Cain & Abel Reach An Understanding
Beaver Pond off the Connecticut River



There is the length of the beak, its heft, that it comes to a point. The two siblings going at it look like they want to kill each other. Certainly they could. But as the frames unfold what becomes clear despite the armament or rather because of it, is that the entire interaction is remarkably constrained. Strike after strike these young great blue herons meticulously avoid each other’s eyes. No blood is drawn. Except for the limited contact of their stagey sword play they do not even touch each other. There is a seesaw quality to it. Which might imply they are evenly matched, that perhaps this is the reason for restraint. Not true.  Of the two siblings in conflict the one to your right is actually bigger and therefore a few days older, and fully plumaged. The other, with slightly less mass and a shorter reach, is nest-bound. What they are doing is taking turns. As if the encounter was transcribed in Labanotation and the whole a choreography.  

There are in total five birds on the nest. A third sibling, younger still and smaller, does not participate but pays attention.  The bird behind and to the left is the mother. She is the cause of the conflict or rather, what she carries is the cause: Food. All at once all her children remember and turn their attention, toward her…

“For the love and the tenderness of a mother for her child is not consequent upon reason, but upon the activity of the imaginative faculty, which is found in most animals just as it is found in man.” – Maimonedes, The Guide of the Perplexed

Standing Bear Comes in Peace
In the Polar Ice above the Svalbard Archipelago



Polar Bear was sprawled, flat out, face down, arms at full length by her sides and her paws facing up, as if she tripped and fell and made no attempt to break the fall – as much bulging belly in contact with the ice as possible. It was apparent from more than a kilometer away that one of those seal/bear convergences had recently occurred, the consequences of which were fully in evidence: over fed, over heated, over slept, Polar Bear.

Our ship and the uninterrupted white between her and us was met with awareness but indifference. A form of iceberg? Seen before? Polar Bear yawned, eyes closed. But as we neared, dead slow in deference not only to the bear but to the pack ice, the small contingent of people at the deck rail must have come into focus. Polar Bear blinked, rolled over, stared for a long moment and, then came slowly towards us. By the lack of a neck ruff, the shape of head and jaw, the absence of that telltale shag of heavy fur along the forelimbs, it became apparent that Polar Bear was a she.
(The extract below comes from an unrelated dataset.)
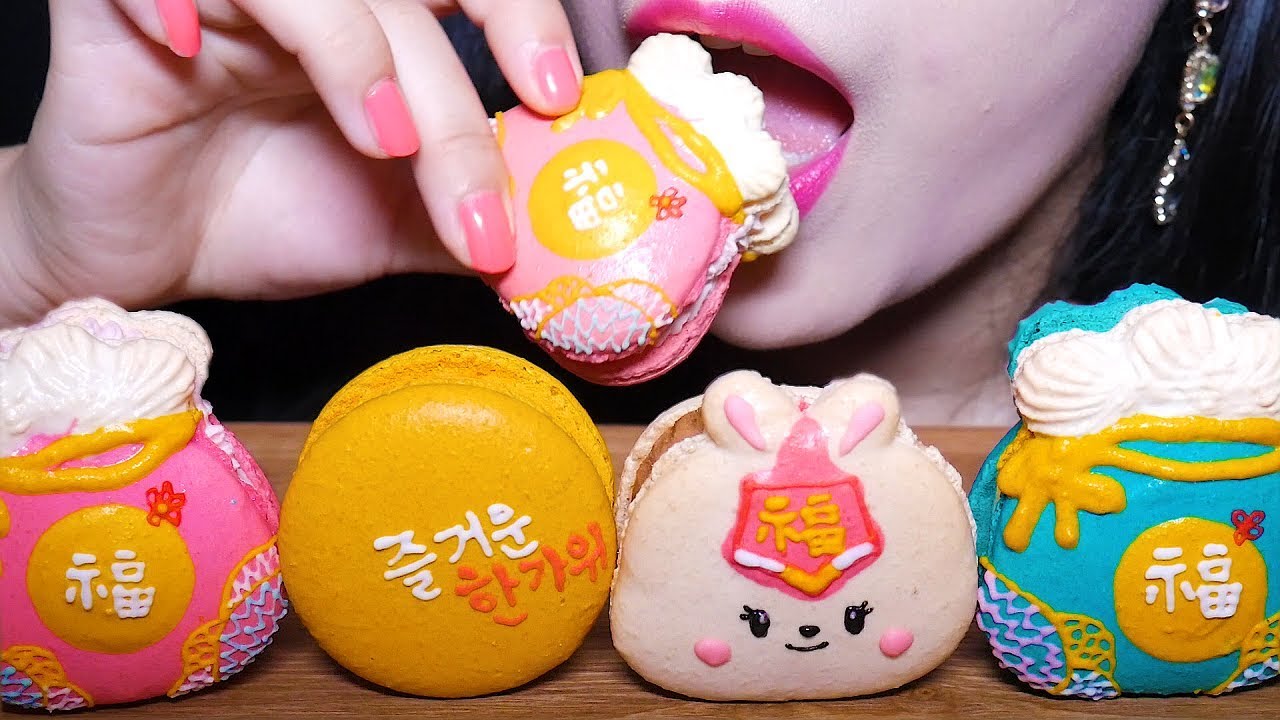 [ASMR] MACARON EATING SOUNDS│복주머니 마카롱ASMR│Mukbang│먹방│리얼사운드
Finally amidships, she rose on her hind legs all the way to her full height (which I gauge to have been eight feet) and just stood there. She made eye contact with every single person making eye contact with her.

In the portrait shots in this sequence Polar Bear is directly below me, no more than four meters from the front of the lens. What you see in her face is not threat and certainly not hunger but a question.

“What Kind of Bear are You?”

We were the first human beings Polar Bear had ever seen, of this I have no doubt. Why she chose me in particular to come to, to connect with like that and for such a long time I cannot say; the wonder and the connection were mutual. I have been privileged to interact to one degree or another with perhaps a hundred of her kind over the years. Polar Bear is and will likely remain my favorite of all time. She is the one who changed me. 

“Nanuq is smarter than you” – A saying of the Inuit Elders (told to me more than once)

Gotta Getta Fish!
Steward B. McKinney National Wildlife Refuge



Before dawn, osprey cruise the near shore of Long Island Sound. On a good day there is no wind. The surface is flat. Even in the half-light the hunting is good. This would be reason enough but there are hatchlings on the nest, hungry all the time and the working day for an osprey in this vital season needs to be as long as possible with the earliest possible start. Regardless of the weather. On the waterside porch that stands above like the bow of ship I went out to wait for them in the dark. I knew what I was after, osprey at eye level, at that singular point just after the plunge and grasp and a fish in their talons, rising, shaking off water, the eyes of bird and fish glinting the droplets flying handfuls of precious stones thrown into the sky. 

The morning did not disappoint. A young male osprey did exactly what I hoped he would do.

Everything about these photographs has a dual quality. They are strange because, how often do we have a view like this of a bird of prey. The normally distant, so sharp and clear and close. That last, deliberate look directly into my eyes and yours, held there, suspended. All this is uncommon. The headshake? That is the familiar. A dog comes running from the waves spinning his head and soaking everything in all directions, including you if you do not have the good sense to get yourself out of range. It is a commonplace. And here is Osprey, this feathered dinosaur and his hundred-and-fifty-million-year-old self performing the same act in the very same way as Canis familiaris? 

“The question is not what you look at, but what you see.” ― Henry David Thoreau 

Indecision: White Tailed Deer at the Tideline
Stewart B. McKinney National Wildlife Refuge



It was enough, more than enough to have captured in such a complete and perfect way that osprey shirring water, and this when there was hardly any light. Provoked by these images as strong in the mind’s eye as in the camera, I already knew what I would write, even the title. It had been a great morning. 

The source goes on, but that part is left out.